In Uruguay, the Frente Amplio government continues to oscillate between joining the process of integration and flirting with signing a "free trade" agreement with Washington. But that country's political and economic weight is overshadowed by Argentina's, which for Bilbao will be crucial for Latin America's future. "Argentina is central to the grand battle between disintegration and convergence … The US project for winning back its control over some countries has as its strategic targets Venezuela, Brazil and Argentina. Where this group goes is where the rest of Latin America will go."

Yet, today, the strength of Venezuela's Bolivarian revolution rules out the reversal of this process by the US, "unless it wants to involve itself in a war that could end up with a result totally contrary to what it is looking for. Any peaceful road to reversing this process is excluded because of the revolutionary leadership incarnated in Chavez."

In Brazil, "the US can aspire to certain lines of conciliation, but never a reversal of Brazil's South Americanist policy. Not because of the revolutionary will of the Brazilian government, but because of the economic necessities of the Brazilian industrial bourgeoisie."

In Argentina, however, neither of these two factors exist. There is not a "potent industrial bourgeoisie" nor "the ideological conviction of the government to continue the path of Brazil and Venezuela". "This means", according to Bilbao, that when the US looks at its chessboard, "it has Argentina as its principal objective".

Bilbao stated that the current Argentine government led by Nestor Kirchner could "in no sense be classified as left", but was rather the result of an "extraordinary crisis in the country where the political system exploded, with no-one to assume the power in the name of the bourgeoisie".

In this scenario, the bourgeoisie chose to support Kirchner, a relatively unknown figure with no social base and who came from a politically insignificant province. In the 2003 presidential election he came second in the first round with 21% of the vote. He won the election when the candidate who led in the first round resigned in order to avoid certain defeat and to weaken Kirchner's mandate.

Bilbao explained that the Kirchner government represented the continuation of two key measures introduced by interim president Eduardo Duhalde following Argentina's 2001 economic meltdown that explain his government's current trajectory: support for Latin American convergence and state intervention to help the economy recovery.

The candidate supported by Kirchner, his wife Cristina Fernandez, who is likely to win the upcoming October 28 presidential election, represents a continuation of these policies. A different government is unlikely to stray too far from these economic measures, although its political discourse most certainly will.
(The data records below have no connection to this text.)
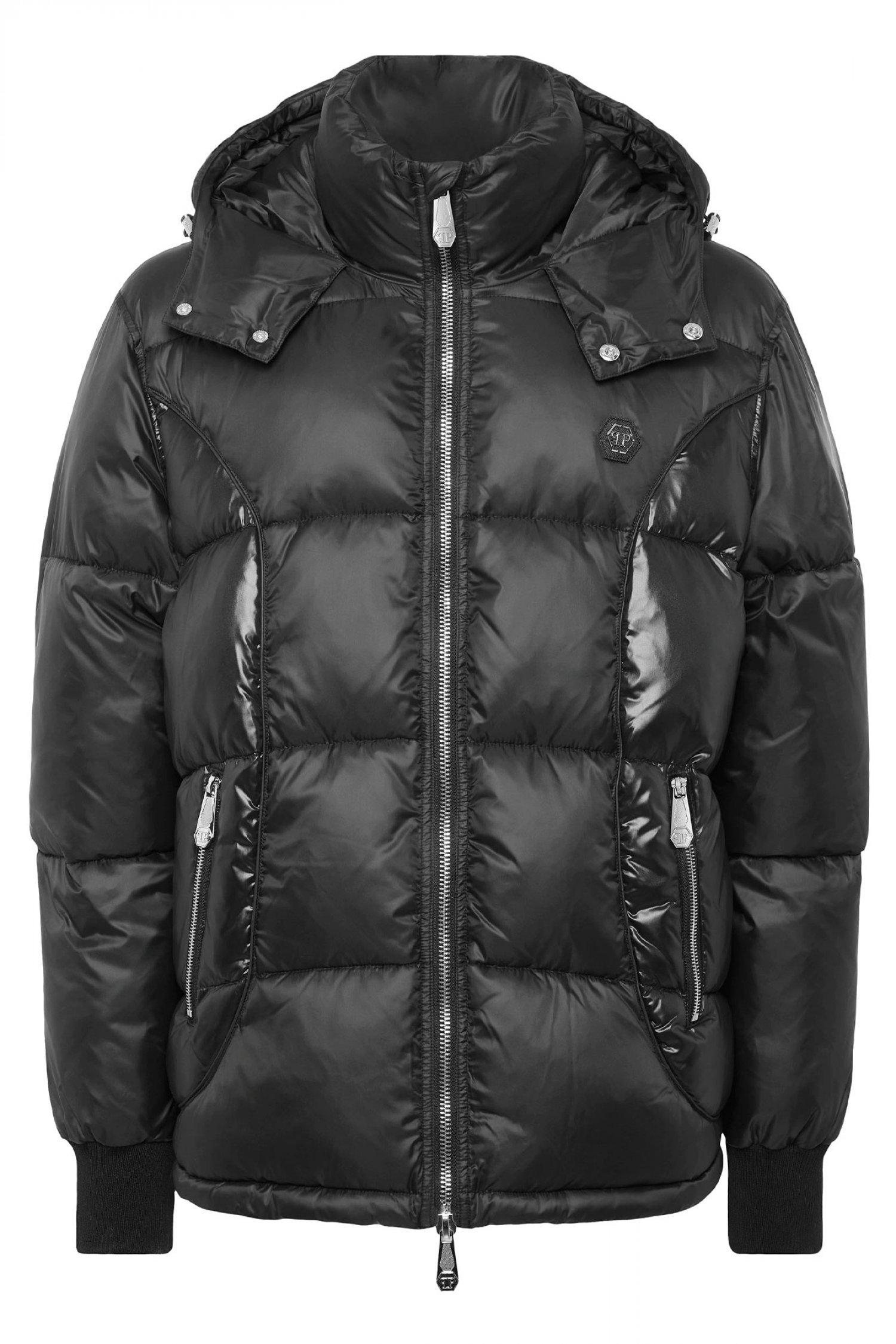 PHILIPP PLEIN ΜΠΟΥΦΑΝ PUFFER SHORT LOGO ΜΑΥΡΟ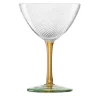 Amber-Green Twisted Glass Cocktail Coupe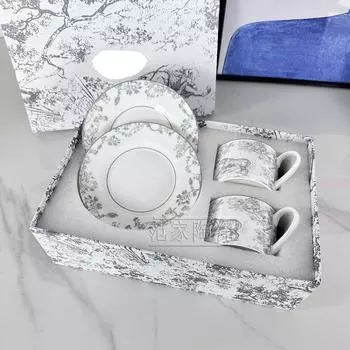 Европейский Di Home Light Luxury Керамическая Серая Тигровая Серия Кофейная Чашка Тарелка Костяной Фарфор Западная Тарелка Стейк Тарелка Подарочный Семейный Набор 200-400ml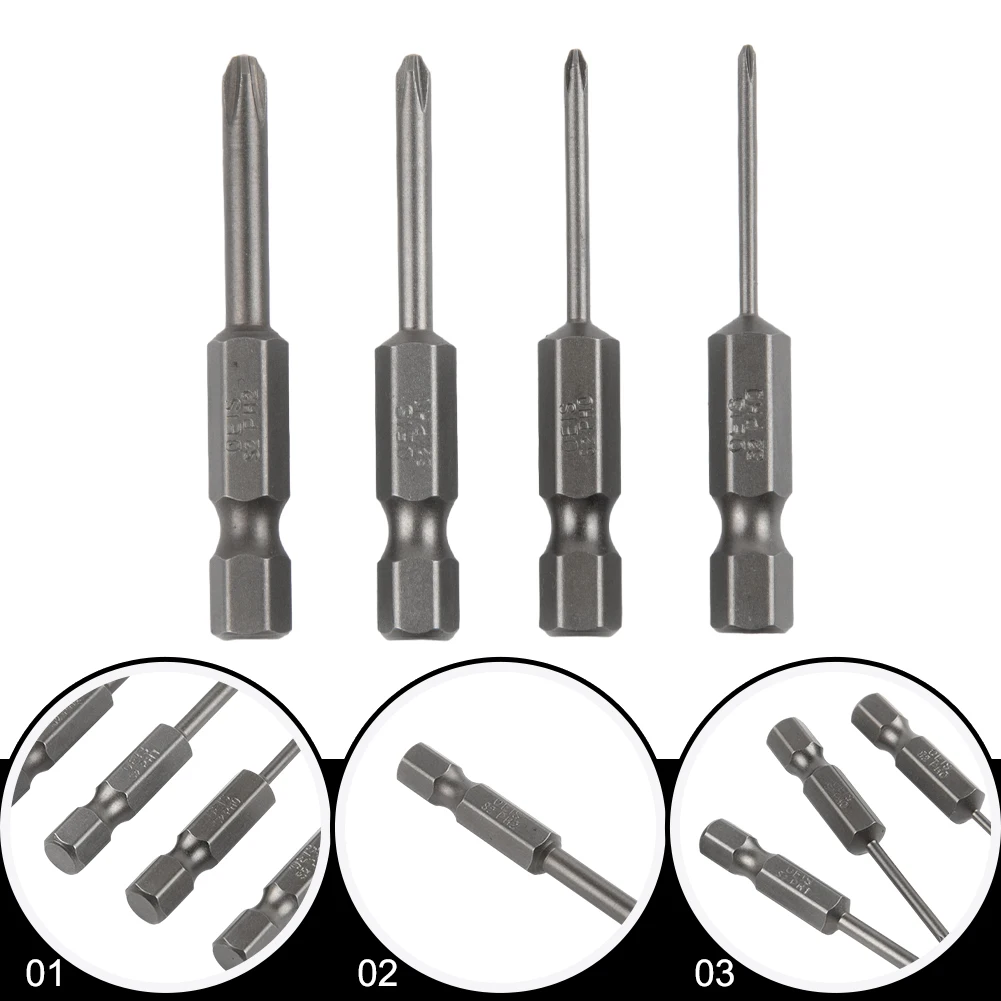 4pcs PH00 PH1 PH2 50mm Hex Shank Cross Screwdriver Bits Alloy Steel Magnetic Bits For Electric Driver Repair Appliances Tools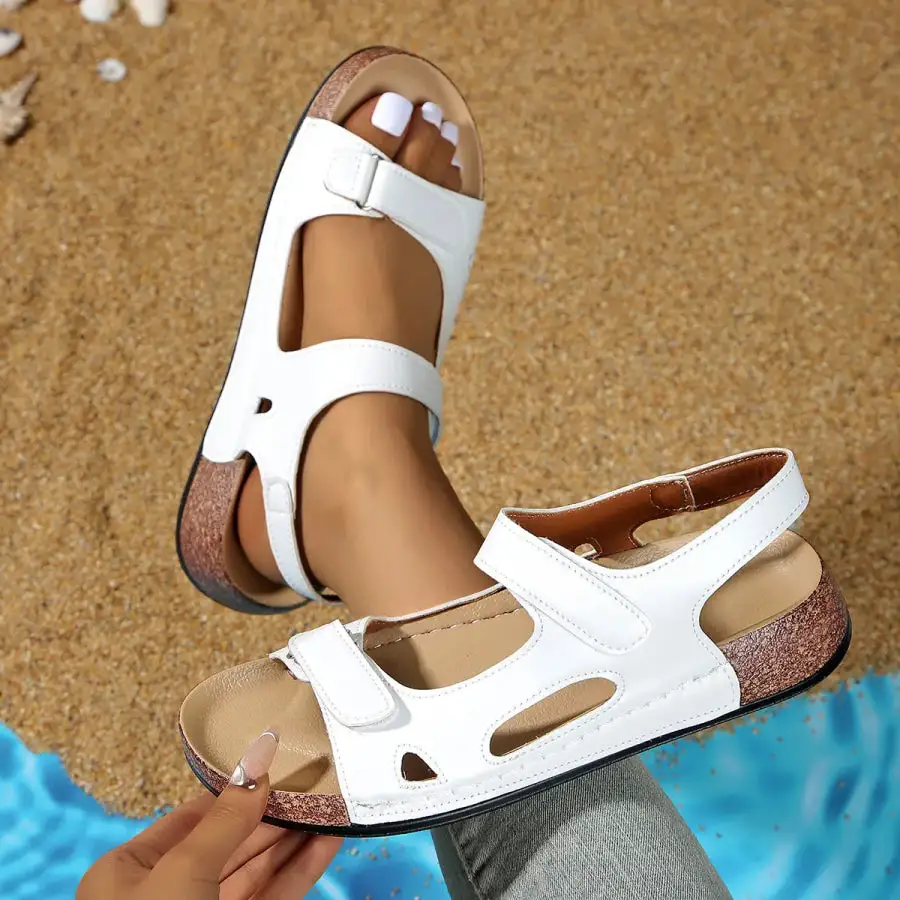 Buttoned Open Toe Wedge Sandals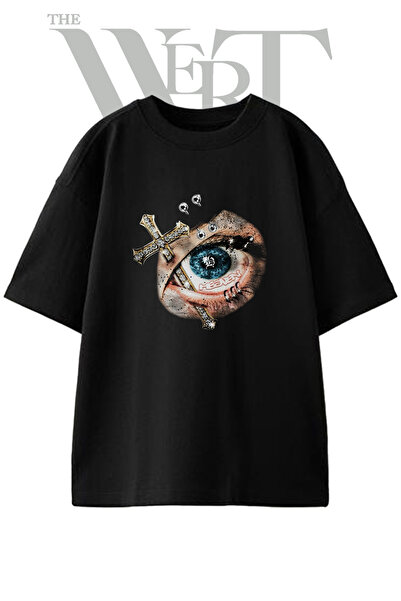 THEWERT Μπλουζάκι Hac Goz Design με στάμπα Unisex σε μαύρο χρώμα oversize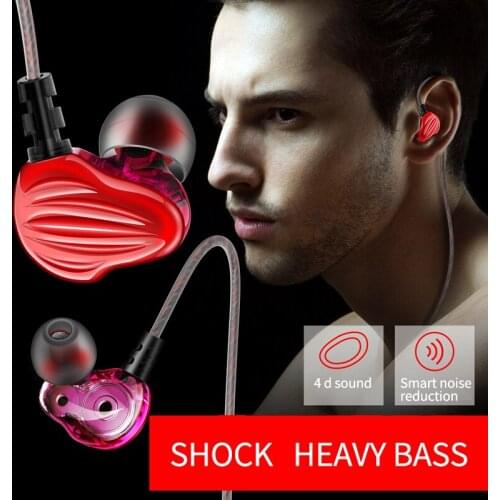 Fonge F6 Earphone Dual Driver Super Bass Headset with Mic Sport HIFI Stereo Earbuds four core dual coil earphones UM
For Bilbao, "no matter who wins, they will not have the social base to govern" — unlike Kirchner, who has been able to create a connection between the government and people.

Faced with a drop in economic growth, Argentina's presidential hopefuls "have no political or union instrument, no political arguments, no strategy to confront that reality. This will mean that in the medium- to long-term Argentina will return to a situation of ungovernability and crisis, where the dispute will intensify as to whether control over Argentina is once again regained by the US in order to spearhead impeding South American unity, or if in Argentina the revolutionary forces recompose themselves and the country assumes a clear position in favour of Latin American integration."